By: Erica Taylor, The Tom Joyner Morning Show
Model and designer Madame Emma Ophelia Devore helped establish America's first modeling agency for women of color.
Model and designer Madame Emma Ophelia Devore, the first mixed-race supermodel in America, helped to establish The Grace Del Marco Agency, the first modeling agency for women of color in the United States.
Devore was born in Edgefield, South Carolina to a black Indian mother and German and black father. Her parents traveled often because her father was a road contractor, and her mother was an etiquette teacher and a musician. By age 16, Devore took work as a model, passing as Norwegian on European runways.

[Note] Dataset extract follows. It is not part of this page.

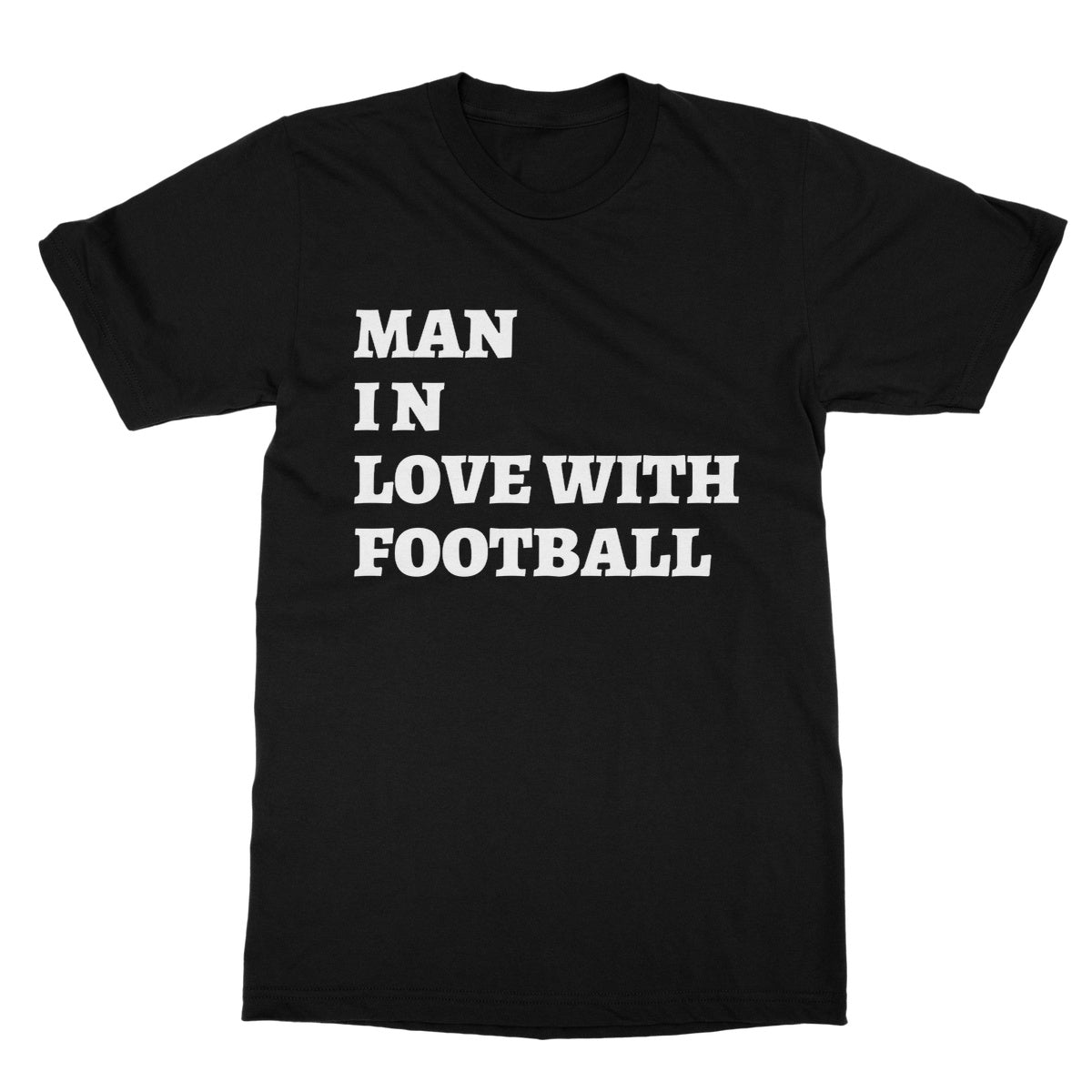 Man In Love With Football T-Shirt - Black - Funny T-Shirt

After attending NYU, Devore became an expert in mathematics, public relations and fashion. By the 1940s, she had birthed five children with her first husband, Harold Carter. Then in 1946, Devore broke barriers by becoming the first woman of color to integrate the Vogue School of Modeling.
Tired of the few options for black women in fashion, she turned her efforts to building a place that would give people of color an option in the racist fashion world. Through Madame Ophelia’s Grace Del Marco agency, big stars like Diahann Carroll, Helen Williams, Cicely Tyson, Richard Roundtree, Gail Fisher and Susan Taylor found opportunity.
Taking on shows in churches, colleges and hotels like the Waldorf-Astoria, Devore’s agency would thrive as far away as the Parisian fashion scene. Her work was so intense, it caused her to suffer a heart attack while still in her 20s. But determined, she would eventually add publisher of the fashion section in the Pittsburgh Courier, business executive of Devore Carter Communications, and television producer of "The Ophelia Devore Show" to her job descriptions.
Devore was featured in the historic publication “I Dream a World” by Brian Lanker and has received over 200 awards and honors.